Nigeria must attract at least $100 billion in investments annually if it is to achieve its long-term ambition of becoming a middle-income country by 2050, according to Minister of Budget and National Planning, Atiku Bagudu.
Bagudu made the projection on Tuesday in Abuja at a one-day policy dialogue on Deepening Legislative-Executive Synergy for Effective Economic Governance in Nigeria, organised by the National Institute for Legislative and Democratic Studies (NILDS).
The minister stressed that the Nigeria Agenda 2050 was not a “lofty dream” but a carefully designed roadmap to prosperity.
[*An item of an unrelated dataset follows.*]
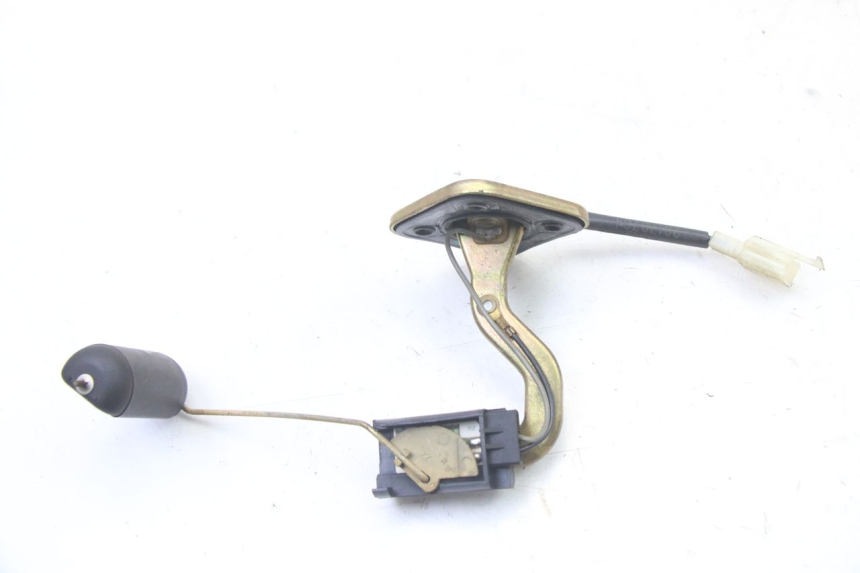 photo de KRAFTSTOFFTANKMESSSTAB PEUGEOT KISBEE 4T 50 (2010 - 2017) - Hauptansicht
He said President Bola Tinubu’s administration has begun taking bold steps to reverse years of weak fiscal capacity and structural distortions.
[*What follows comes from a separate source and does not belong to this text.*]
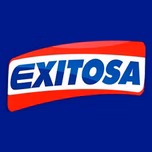 Radio Exitosa PE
“We calculated, and to achieve this objective, Nigeria requires at least $100 billion investment per annum from both the private and public sectors,” Bagudu explained.
He noted that the long-term plan is divided into six medium-term phases, beginning with 2021–2025 and extending in five-year intervals until 2050.
Bagudu added that recent reforms had doubled Nigeria’s revenue-to-GDP ratio from 9 percent in June 2023 to 16 percent, but warned that the figure still falls behind global comparators.
“Brazil, a federation like Nigeria, has a federal budget of about $700 billion, while ours is just $36 billion,” he pointed out.
The minister also stressed the need for sustained private sector confidence, stronger governance, and enhanced fiscal discipline to mobilise the scale of investment required.